- **Goal of the exercise**
A stretch of the entries below is to be set down exactly, running from the line with "Thank you, Sophia." through the line with "SonarCube offers reports", both included, and no other line.

- **Material shown**
####################
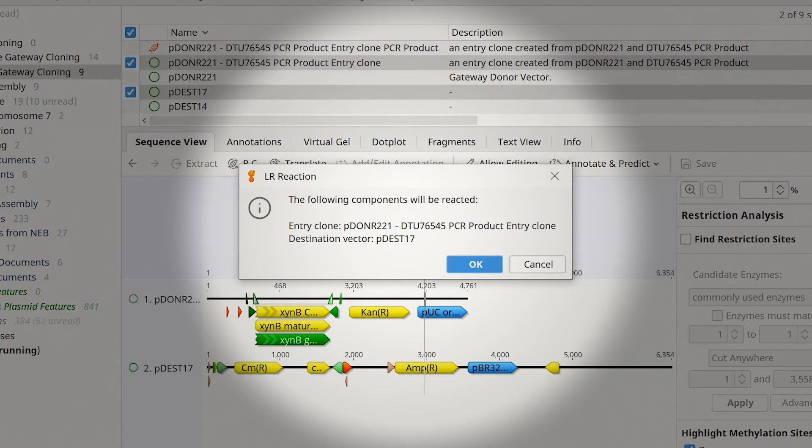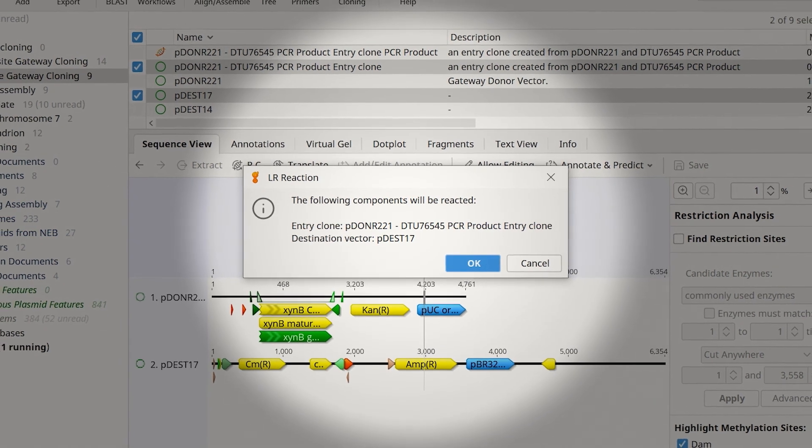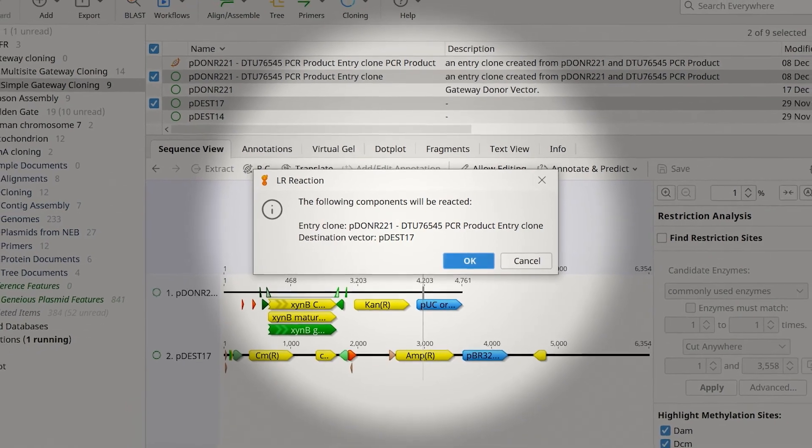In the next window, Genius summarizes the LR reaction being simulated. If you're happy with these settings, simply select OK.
####################
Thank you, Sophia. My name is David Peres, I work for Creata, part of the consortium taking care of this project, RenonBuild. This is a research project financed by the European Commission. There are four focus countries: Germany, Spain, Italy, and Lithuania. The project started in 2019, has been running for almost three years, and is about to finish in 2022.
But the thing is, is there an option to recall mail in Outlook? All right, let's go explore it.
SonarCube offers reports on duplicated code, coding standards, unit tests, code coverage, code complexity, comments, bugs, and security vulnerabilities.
####################
- **Exercise solution**
Thank you, Sophia. My name is David Peres, I work for Creata, part of the consortium taking care of this project, RenonBuild. This is a research project financed by the European Commission. There are four focus countries: Germany, Spain, Italy, and Lithuania. The project started in 2019, has been running for almost three years, and is about to finish in 2022.
But the thing is, is there an option to recall mail in Outlook? All right, let's go explore it.
SonarCube offers reports on duplicated code, coding standards, unit tests, code coverage, code complexity, comments, bugs, and security vulnerabilities.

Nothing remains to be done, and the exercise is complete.